Un essai clinique récent de phase 1 sur 129 patients a permis l’évaluation de la sécurité d’emploi et de l’activité pharmacocinétique du Sotorasib en étude cohorte avec des patients recevant la monothérapie quotidiennement. Parmi ces 129 patients, 59 inclus dans l’étude présentaient un CBNPC.

Les résultats ont montré que l’inhibiteur KRAS G12c a produit un bénéfice clinique durable avec une toxicité de bas grade, essentiellement gastro-intestinale et hépatique chez les populations lourdement et préalablement traitées pour un cancer.

Parmi les patients atteints d’un CBNPC, 32,2%, soit 19 patients, ont présenté une réponse positive au Sotorasib et la majorité (88,1%) a pu observer un contrôle de son cancer sur quelques mois ou plus.
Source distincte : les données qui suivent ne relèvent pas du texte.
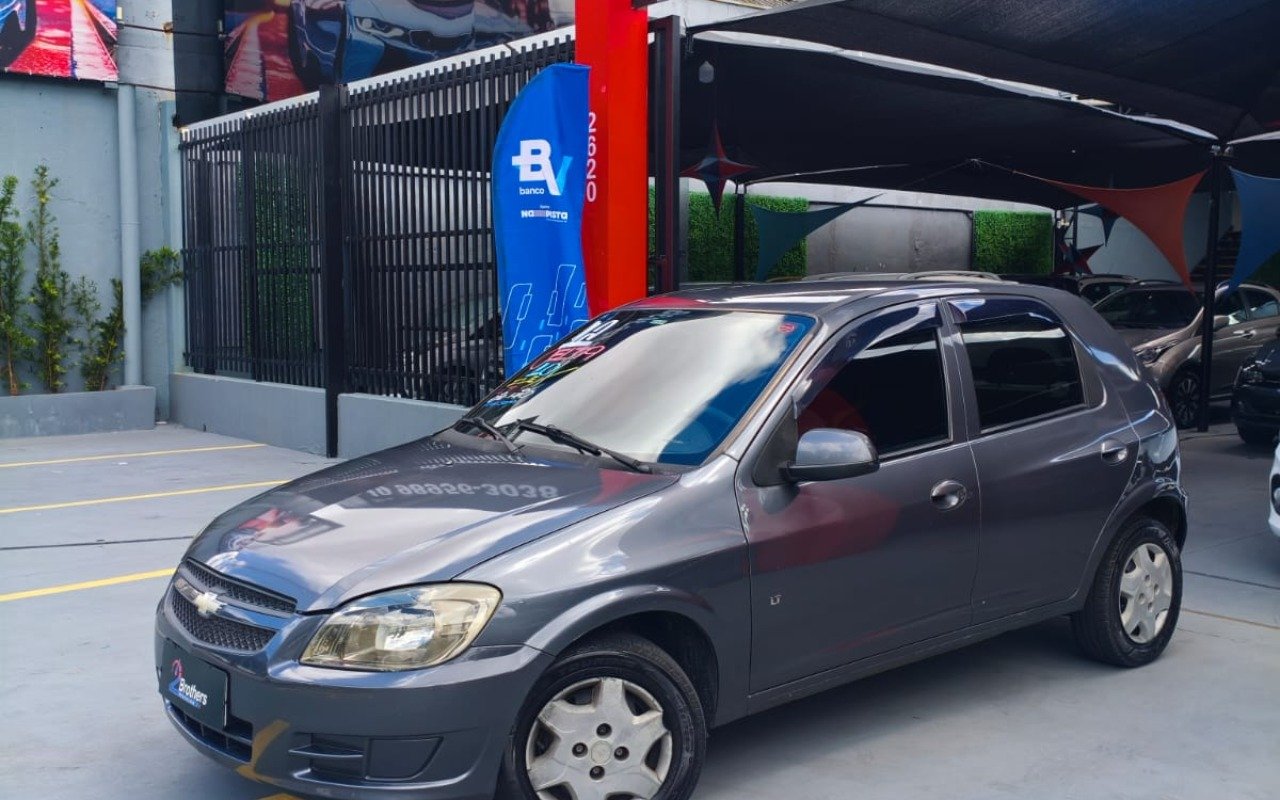 Chevrolet Celta Spirit/ LT 1.0 MPFI 8V FlexP. 5p na cor Cinza em Campinas / SP - 962691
Ainsi, la médiane de survie en non progression s’est élevée à 6,3 mois.

Des réponses rapides au Sotorasib ont été observées lors de la première évaluation au cours de la 6èmesemaine. Ces réponses étaient durables et continues avec un suivi médian de près d’un an.

L’essai a conclu à ce jour qu’aucun effet toxique dose-limitant n’a été observé avec le Sotorasib, même avec un traitement prolongé. La majorité des patients ont cependant eu des effets toxiques, bien que ces derniers soient principalement de bas grade. Les événements les plus indésirables ont été des diarrhées, nausées, vomissements, fatigue et élévation des taux d’ASAT/ALAT ; cela dit, peu de patients ont arrêté le traitement en raison de ces effets toxiques.

Le Sotorasib présente une activité anticancéreuse prometteuse chez les patients atteints de tumeurs solides mutantes à KRAS G12c fortement traitées au préalable. Des essais évaluant le Sotorasib en monothérapie ou en association avec divers agents chez des patients atteints de CBNPC ou d’autres tumeurs sont actuellement à l’étude.

Ainsi, à l’avenir, le Sotorasib pourrait bien se profiler comme un espoir de traitement chez un grand nombre de patients atteints à ce jour du cancer le plus dévastateur dans le monde.